UN enlists blockchain in Afghanistan for transparency in rebuilding process

Abdul Rahman Mosque in Kabul, Afghanistan
Abdul Rahman Mosque in Kabul, Afghanistan. Photo by Masoud Akbari.

As part of its “City for All” program the UN is looking to blockchain technology in Afghanistan for secure and transparent land records management as part of a larger rebuilding process.

The United Nations Office of Communication and Information Technologies (UN-OICT) is developing an innovative cutting-edge solution using blockchain technology for supporting the Government of Afghanistan’s efforts in ensuring systematic, transparent, and secured online Land Records management and affiliated services, Stephane Dujarric, Spokesperson for the UN Secretary-General told The Sociable.

Stephane Dujarric
Stephane Dujarric

The blockchain solution shall serve as a key tool in the delivery of these fundamental components

Dujarric said the UN-Habitat is supporting the Government of Afghanistan to implement its “City for All” program, which is underpinned by the fact that harnessing Afghanistan’s cities for state building and peacebuilding requires three fundamental components:

  1. Effective land management with clear land rights, restrictions, and responsibilities
  2. Strategic urban planning to establish a common vision and guide public investments for an inclusive and prosperous urban future
  3. Improved municipal finance and governance, citizen engagement and representation

“The blockchain solution shall serve as a key tool in the delivery of these fundamental components,” he said.
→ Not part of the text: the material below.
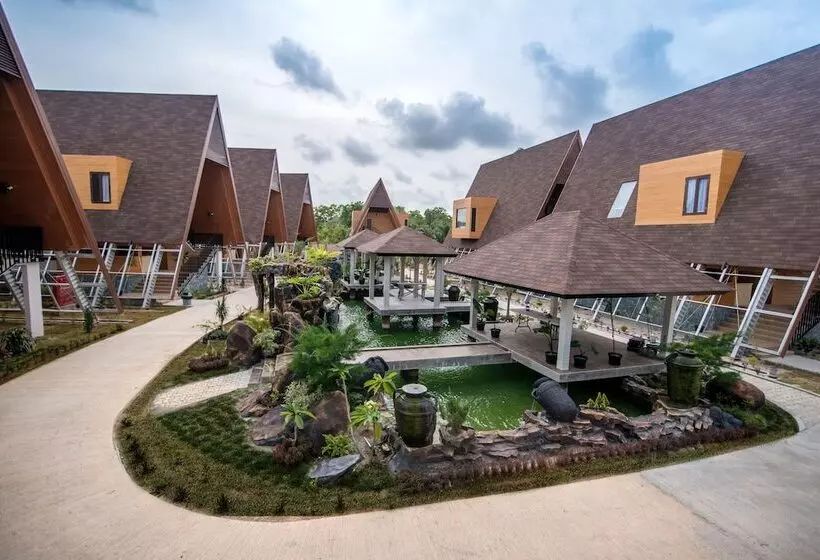 Hotelli One Of A Kind Resort At Trikora Beach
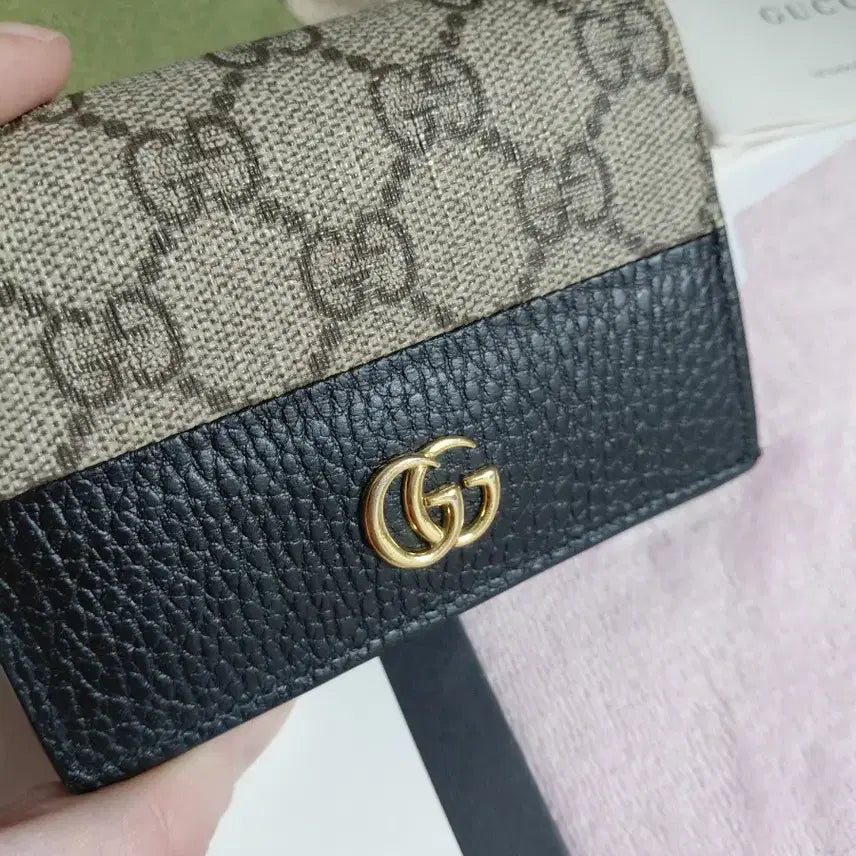 [BUNJANG] Gucci GG Supreme Bifold Wallet (Black) / 새제품급) 구찌 GG수프림 반지갑 블랙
The move is part of a Memorandum of Understanding (MoU) reached between the UN-OICT and UN-Habitat that provides a framework of cooperation regarding the development of emerging technology tools and digital platforms for urban design and planning, with particular focus on Afghanistan, India, Bangladesh, and Sri Lanka. The MoU was signed by UN-OICT and the UN-Habitat regional office in New Delhi.

Dujarric says the countries listed above are given priority based on urgent UN-Habitat program requirements in support of Afghanistan.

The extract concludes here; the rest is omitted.